» **Exercise data**:
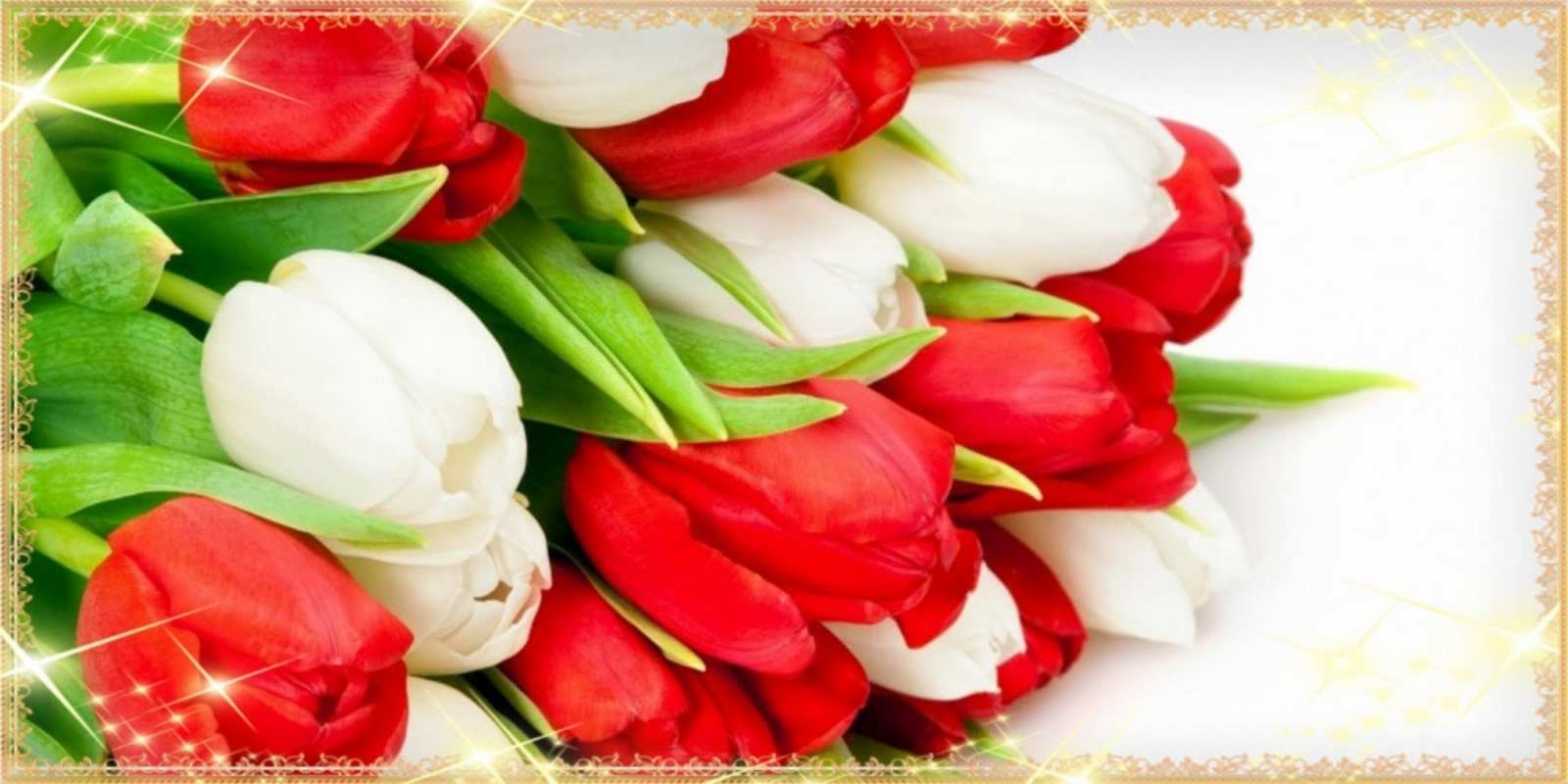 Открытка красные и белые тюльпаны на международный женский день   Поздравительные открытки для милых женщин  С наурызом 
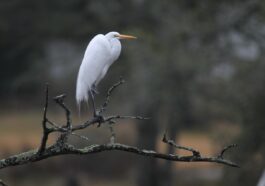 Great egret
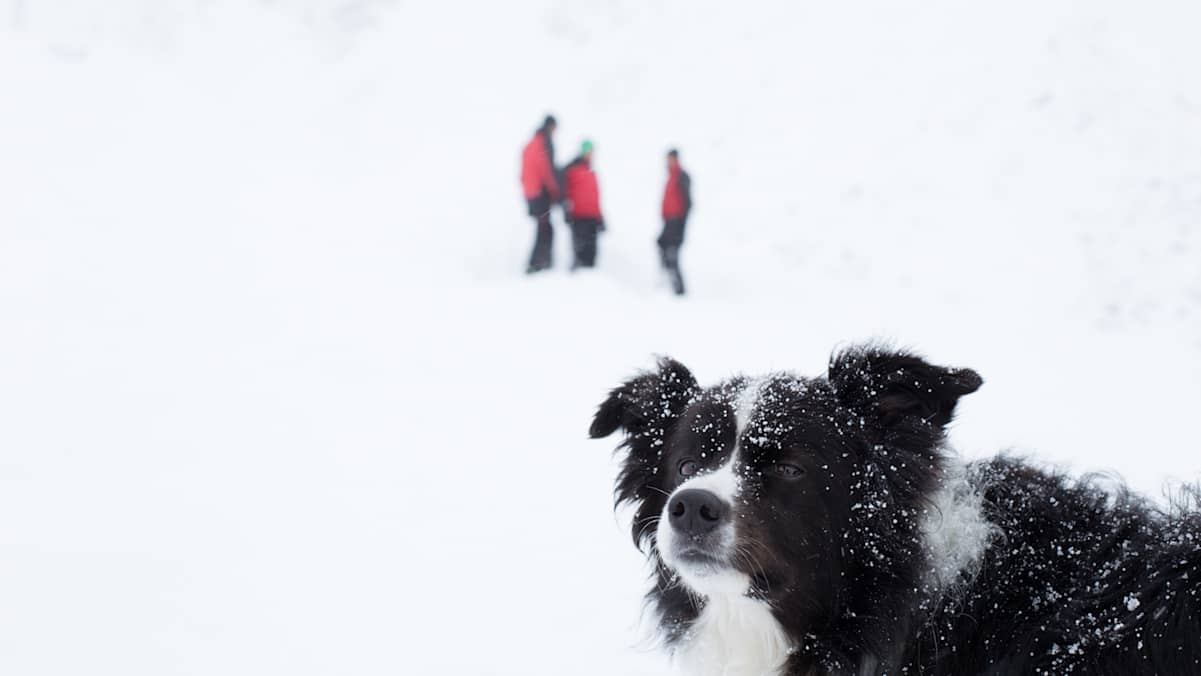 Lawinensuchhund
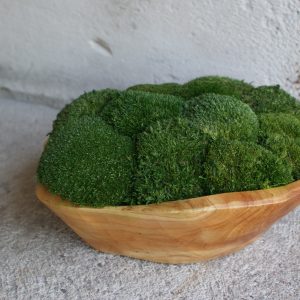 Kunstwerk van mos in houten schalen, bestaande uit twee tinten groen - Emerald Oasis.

» **Required work**: Could you give the material again exactly as it stands, omitting any image?

» **Solved problem**:
 Открытка красные и белые тюльпаны на международный женский день   Поздравительные открытки для милых женщин  С наурызом 
 Great egret
 Lawinensuchhund
 Kunstwerk van mos in houten schalen, bestaande uit twee tinten groen - Emerald Oasis.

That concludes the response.